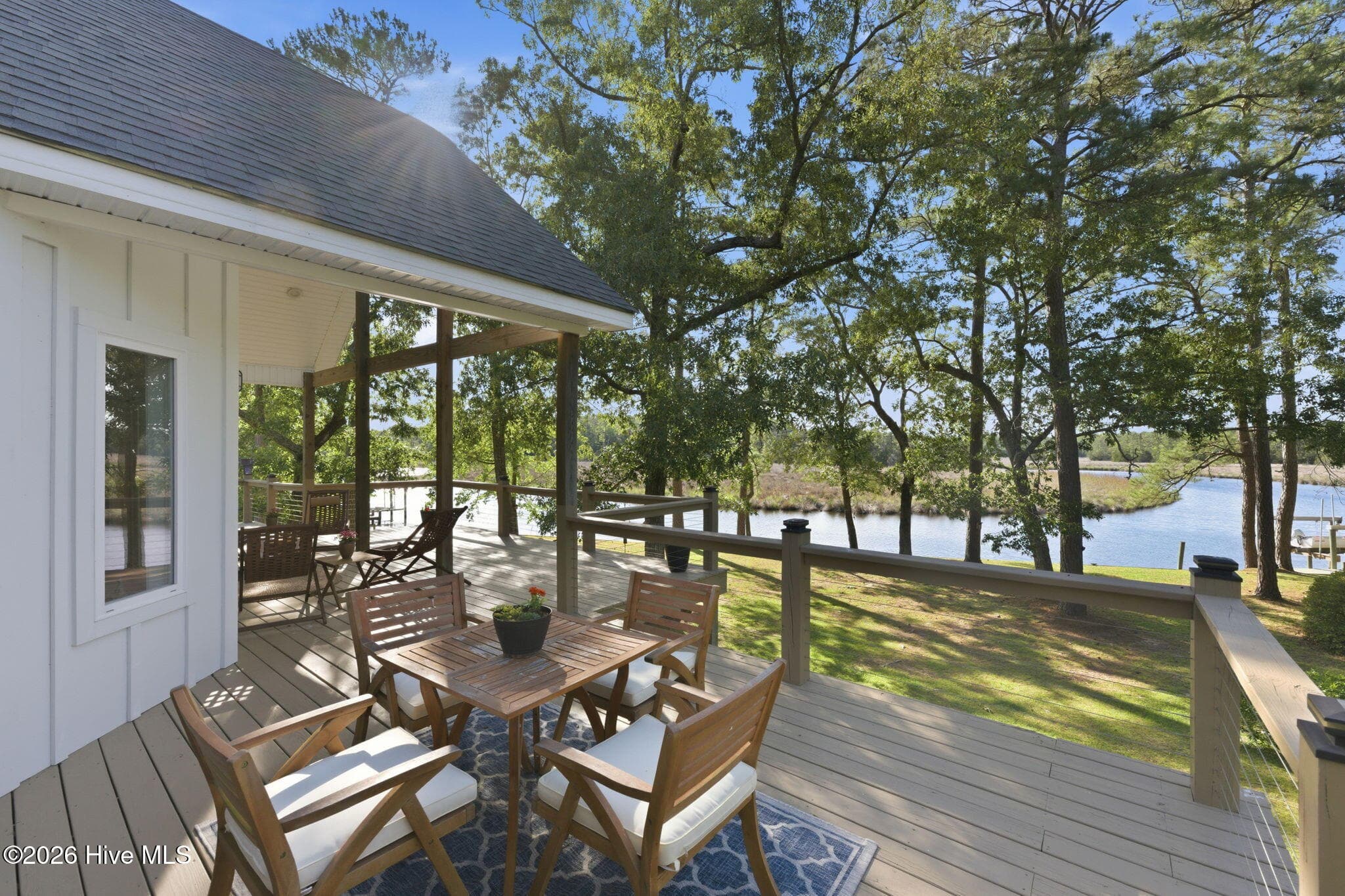 Single Family Residence at 1002 Howells Road, Grantsboro, NC 28529, photo 45 of 87
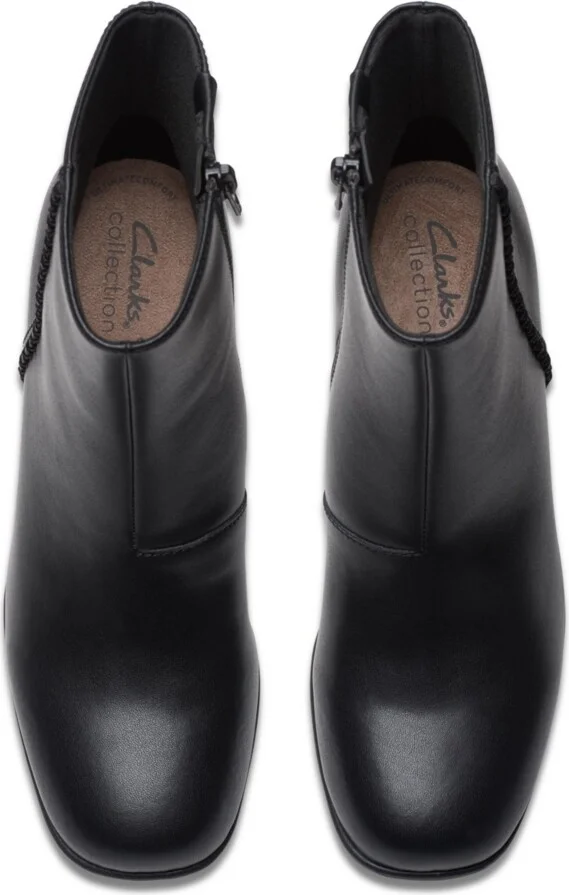 Clarks Women's Collection Keirsta Faye Boots - Image 4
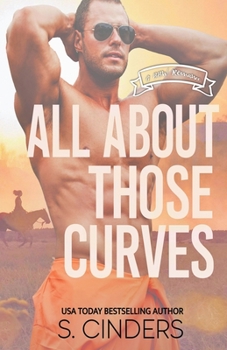 Paperback All About Those Curves Book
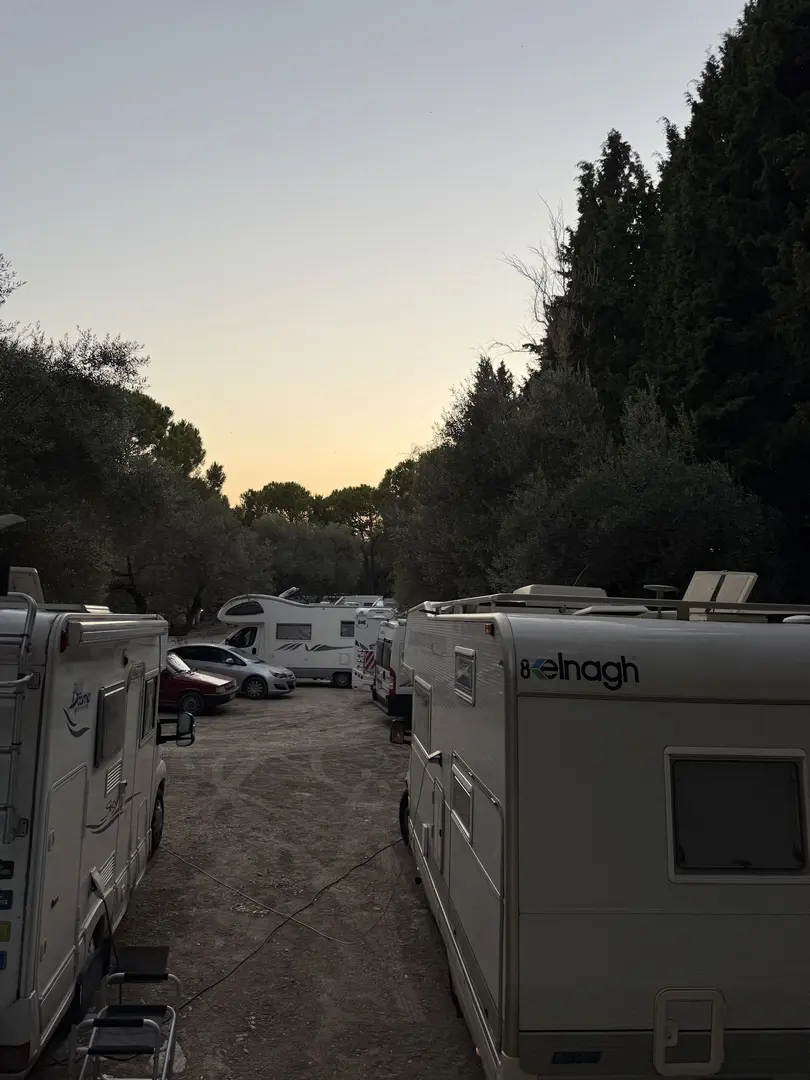 Önder Camping Kuşadası — Aydın — küçük resim 5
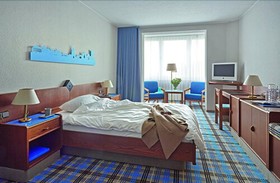 Seaside Residenz Hotel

------------------------------------

Task statement -
Every entry in the listing is to be duplicated precisely, except for its pictures.

Response to this task -
 Single Family Residence at 1002 Howells Road, Grantsboro, NC 28529, photo 45 of 87
 Clarks Women's Collection Keirsta Faye Boots - Image 4
 Paperback All About Those Curves Book
 Önder Camping Kuşadası — Aydın — küçük resim 5
 Seaside Residenz Hotel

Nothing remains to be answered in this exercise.